A UCL and St Bartholomew’s Hospital-led observational study, COVIDsortium, analysed the immune responses of London-based healthcare workers from the start of the first wave of the pandemic in the UK.
In a subset of healthcare workers who showed no sign of Covid infection – repeatedly testing negative – there was an increase in T cells.
Rather than having avoided infection completely, a subset of healthcare workers appear to have experienced a transient low-level (abortive) infection, not detectable by routine tests.
But it generated T cells specific to Covid – compatible with this, the same individuals also had a low-level increase in another blood marker of viral infection.

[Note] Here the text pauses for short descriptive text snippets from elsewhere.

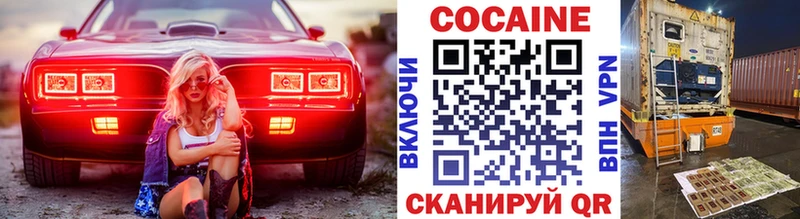 Кокаин FishScale  площадка наркотические препараты  Темрюк 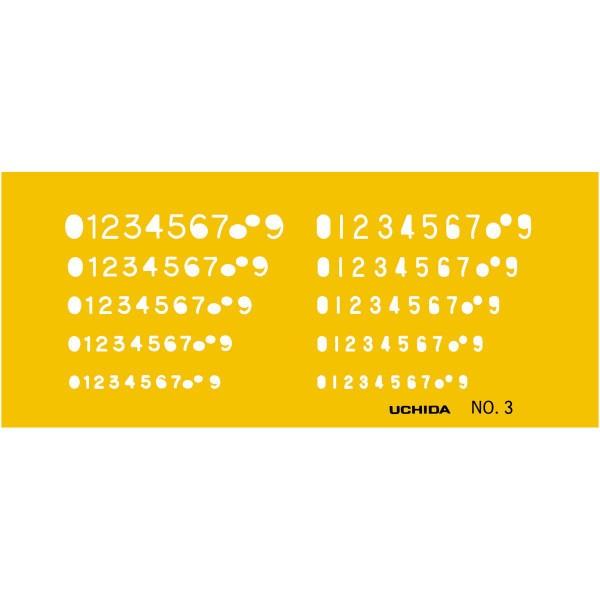 ウチダ マービー テンプレート ｎｏ3 数字 品番 1 843 1003 アークオアシス ヤフーショップ 通販 Yahoo ショッピング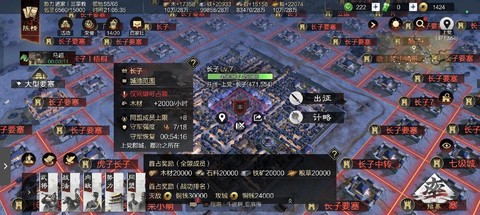 率土之滨四级城怎么打[图1]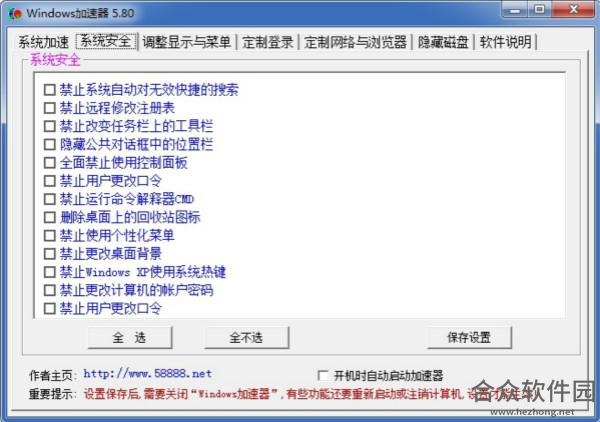 <a href=https://www.hezhong.net/xiazai/windowsjiasuqi.html target=_blank class=infotextkey>Windows加速器下载</a>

Lead author, Dr Leo Swadling, of UCL Division of Infection & Immunity, said: “We know that some individuals remain uninfected despite having likely exposure to the virus.
“What we didn’t know is whether these individuals really did manage to completely avoid the virus or whether they naturally cleared the virus before it was detectable by routine tests.
“By intensively monitoring health care workers for signs of infection and immune responses, we identified a minority with this particular SARS-CoV-2 specific T cell response.
“What is really informative is that the T cells detected in these individuals, where the virus failed to establish a successful infection, preferentially target different regions of the virus to those seen after infection.”
Commenting on why some people might be able to clear an infection better than others, he added: “It could be due to the infection history of these individuals.
“The healthcare workers that were able to control the virus before it was detectable were more likely to have these T cells that recognise the internal machinery before the start of the pandemic.
“These pre-existing T cells are poised ready to recognise Sars-CoV-2.”
Explaining where these pre-existing T cells come from, Dr Swadling continued: “The regions of the virus that these T cells recognise are highly conserved amongst other members of the coronavirus family, such as those that cause common colds every year.
“Previous common cold exposure may have given these individuals a head start against the virus, tipping the balance in favour of their immune system eliminating the virus before it could start to replicate.”
This research was funded by the National Institute for Health Research and UK Research and Innovation’s UK Coronavirus Immunology Consortium.